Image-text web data
····················

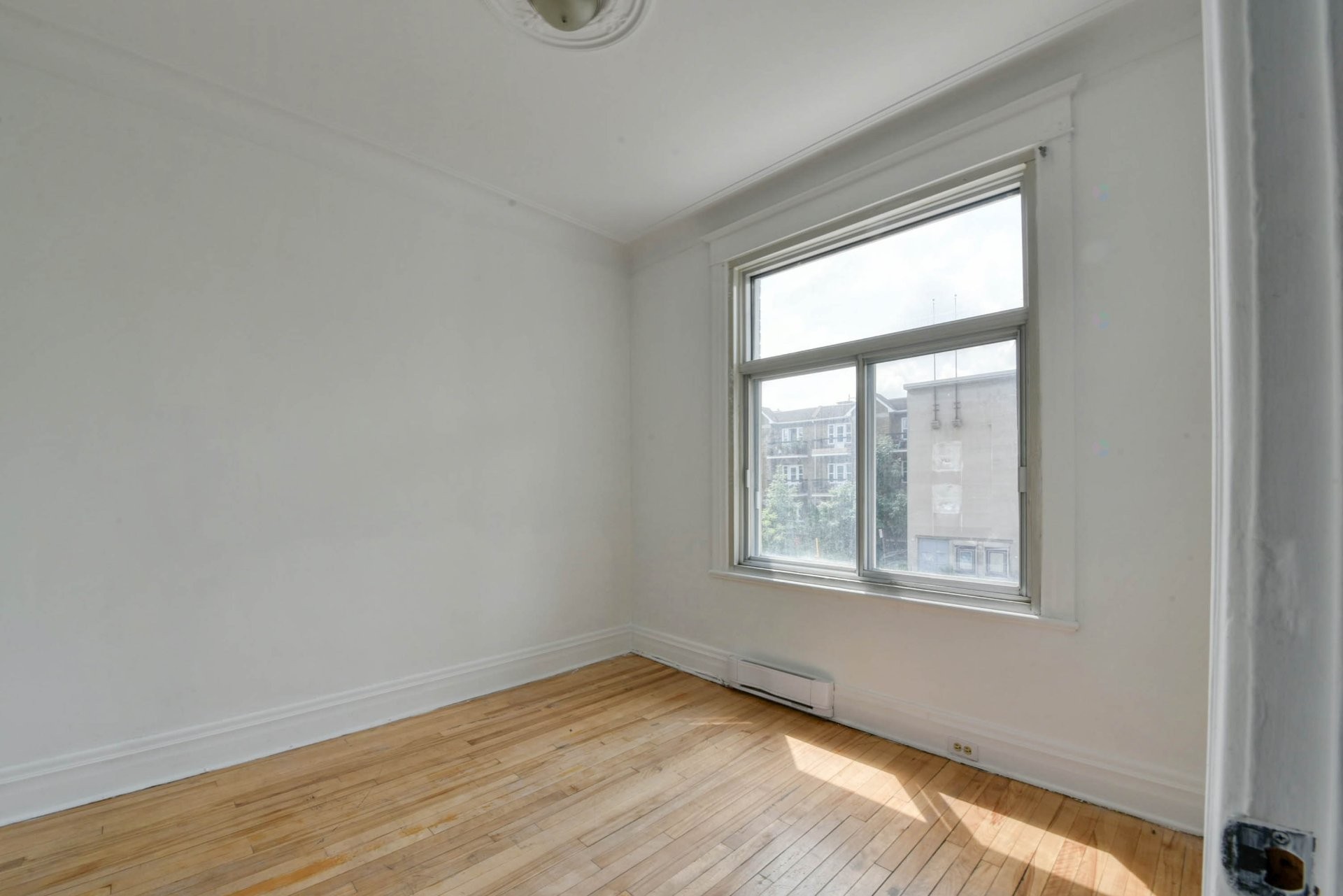 Bedroom - 8615 Rue St-Denis, Montréal (Villeray/Saint-Michel/Parc-Extension), QC - Indoor Photo Showing Other Room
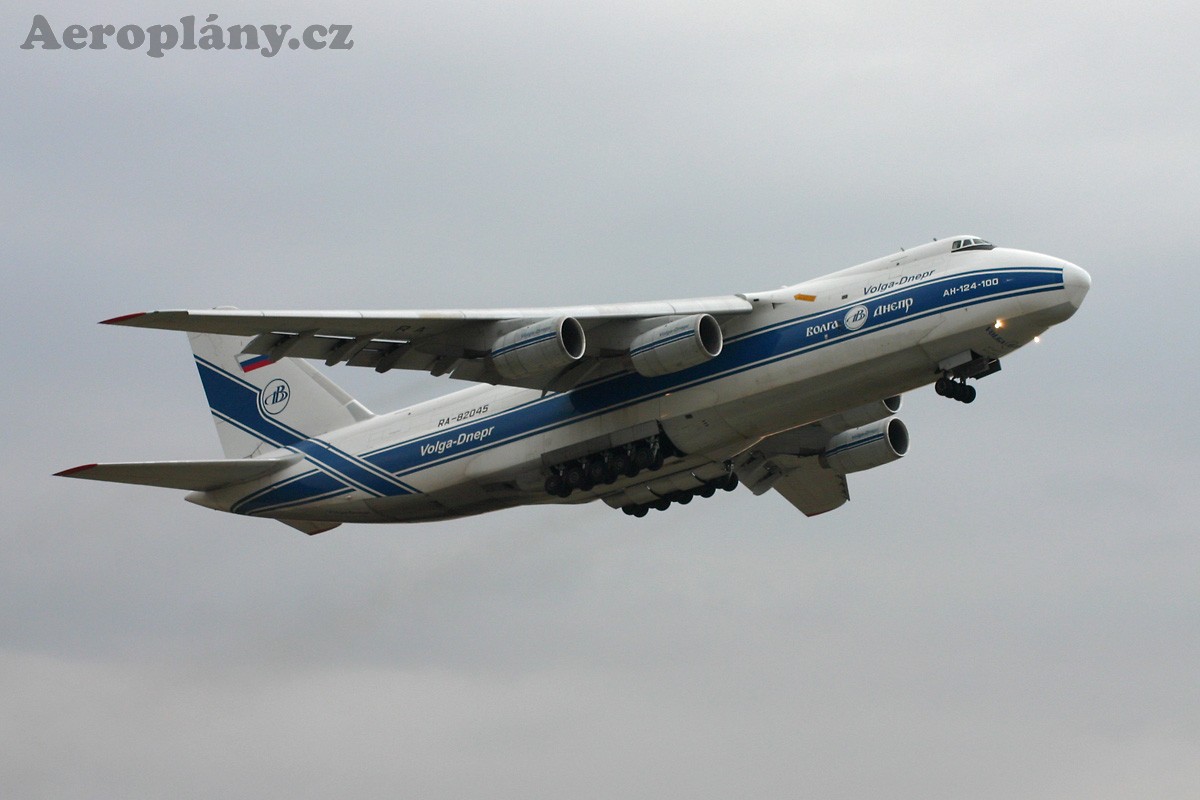 Antonov An-124-100 Ruslan - RA-82045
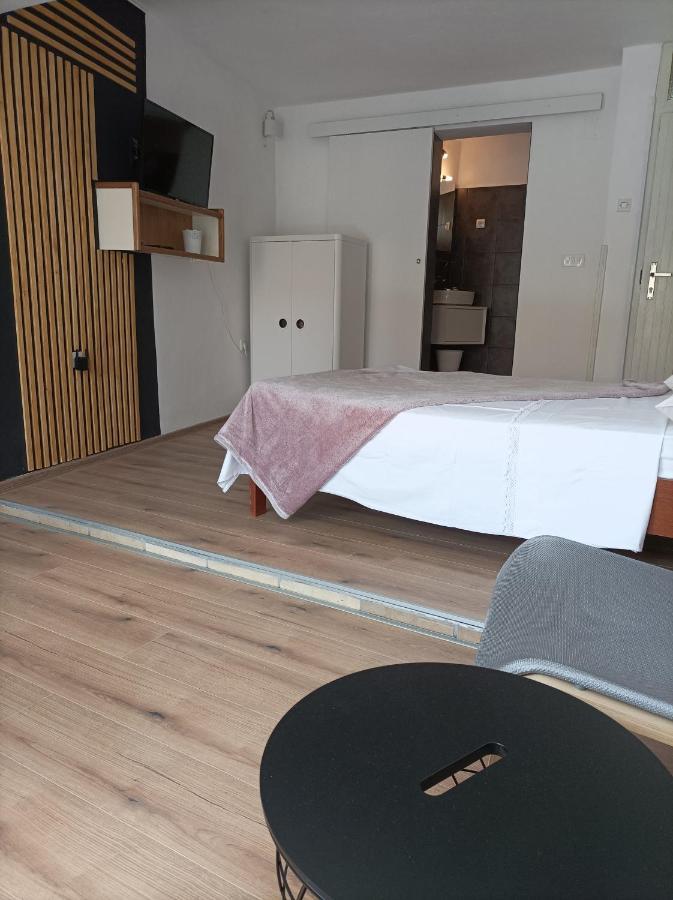 Apartment Seventh Continent 시베니크 외부 사진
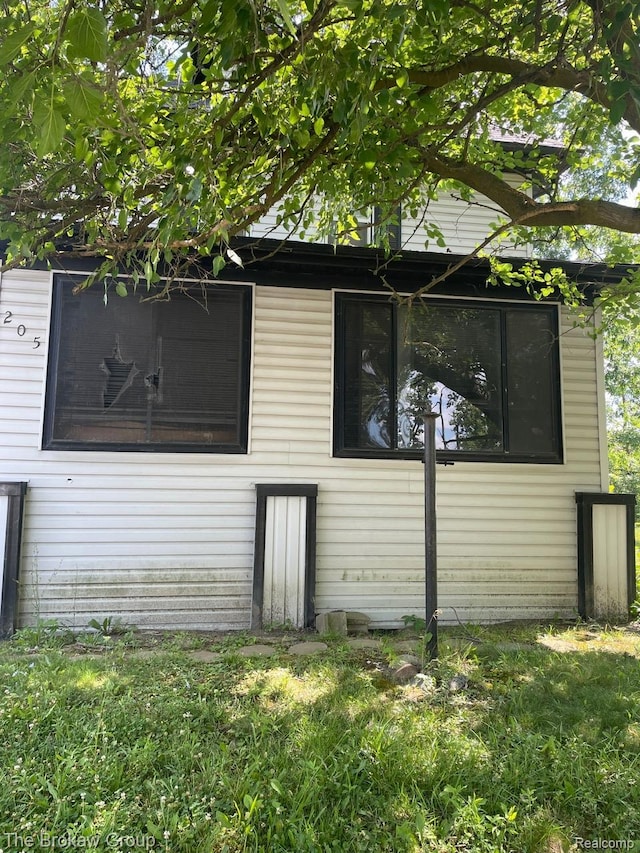 205 W Dayton St, Flint, MI 48505 - photo 3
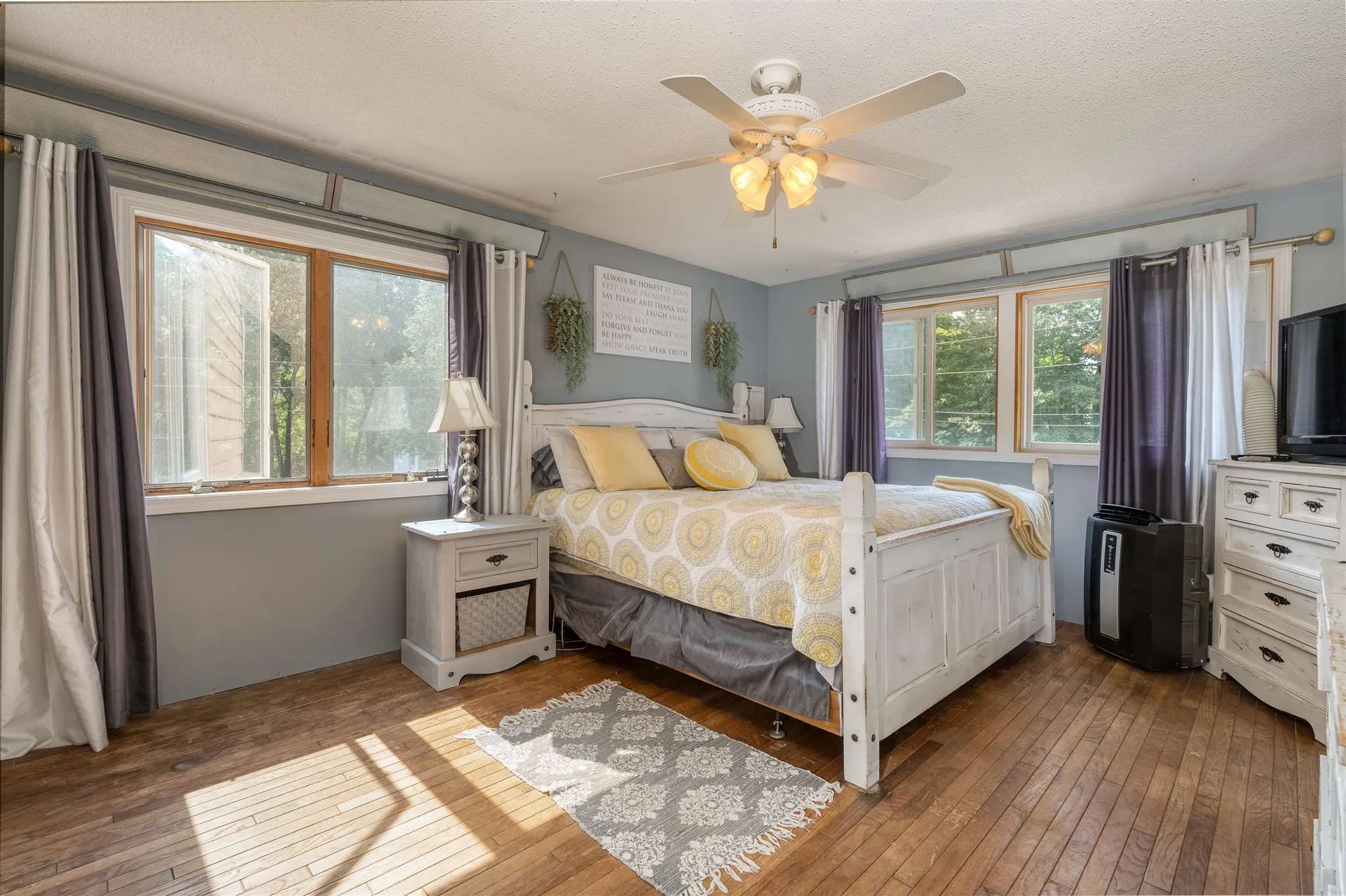 60 O'connell Court Hartford VT 05001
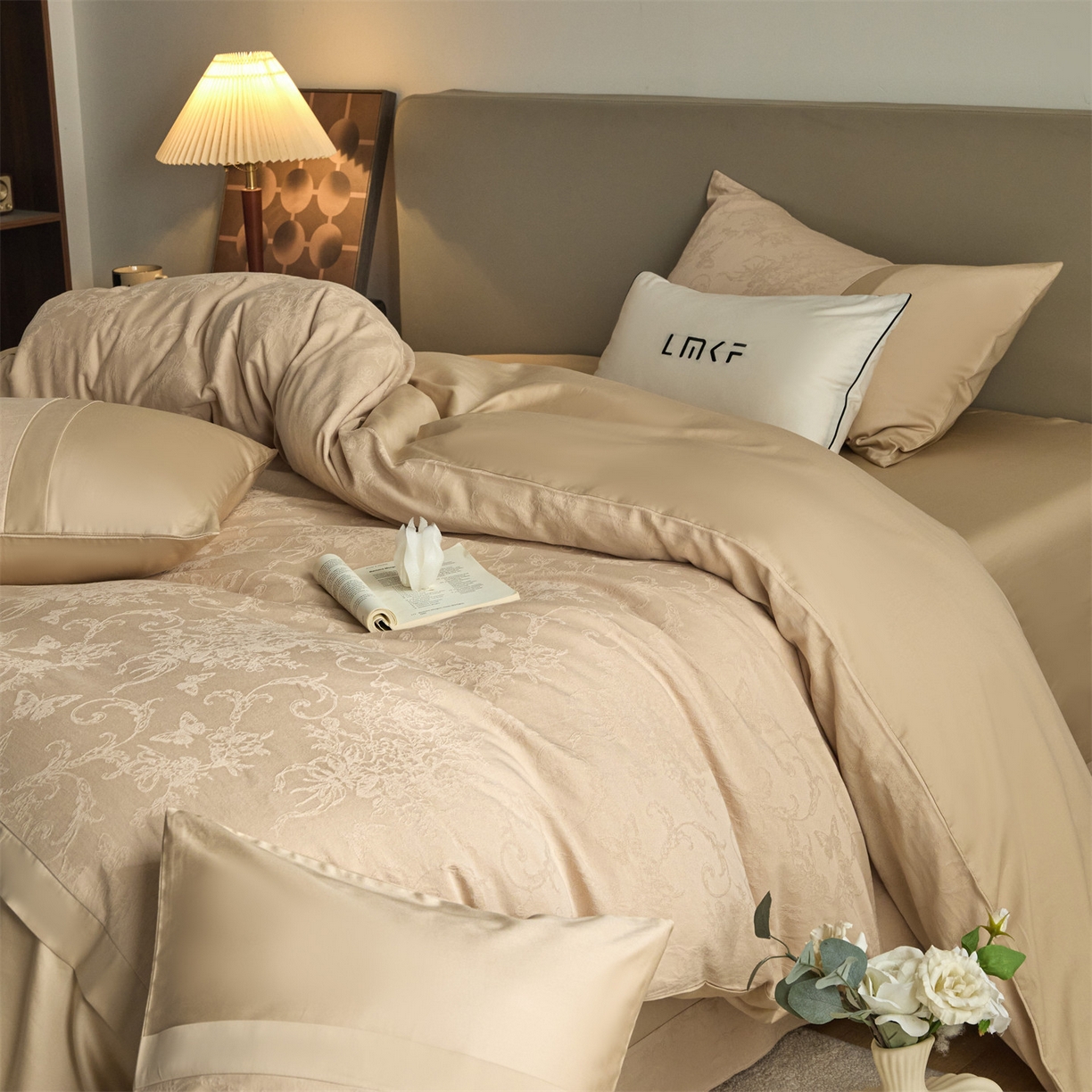 91家纺网 家纺一手货源 找家纺 蓝米卡夫 2026春季新款-100S全棉亮面提花贡缎长绒棉拼接款（礼盒） 花漾梦境-米杏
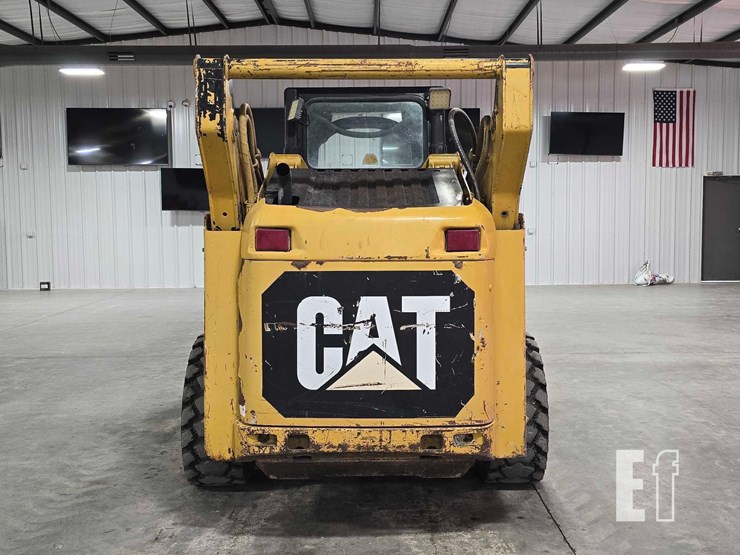 2012-caterpillar-252b3-image-8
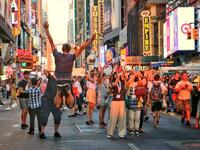 42nd Street, Manhattanhenge in New York City (Twitter)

····················

#### What to do
Give back word for word the lines from the one containing "205 W Dayton St, Flint, MI 48505 - photo 3" through the final line of the data above. Pictures are to be left out.

#### Output
 205 W Dayton St, Flint, MI 48505 - photo 3
 60 O'connell Court Hartford VT 05001
 91家纺网 家纺一手货源 找家纺 蓝米卡夫 2026春季新款-100S全棉亮面提花贡缎长绒棉拼接款（礼盒） 花漾梦境-米杏
 2012-caterpillar-252b3-image-8
 42nd Street, Manhattanhenge in New York City (Twitter)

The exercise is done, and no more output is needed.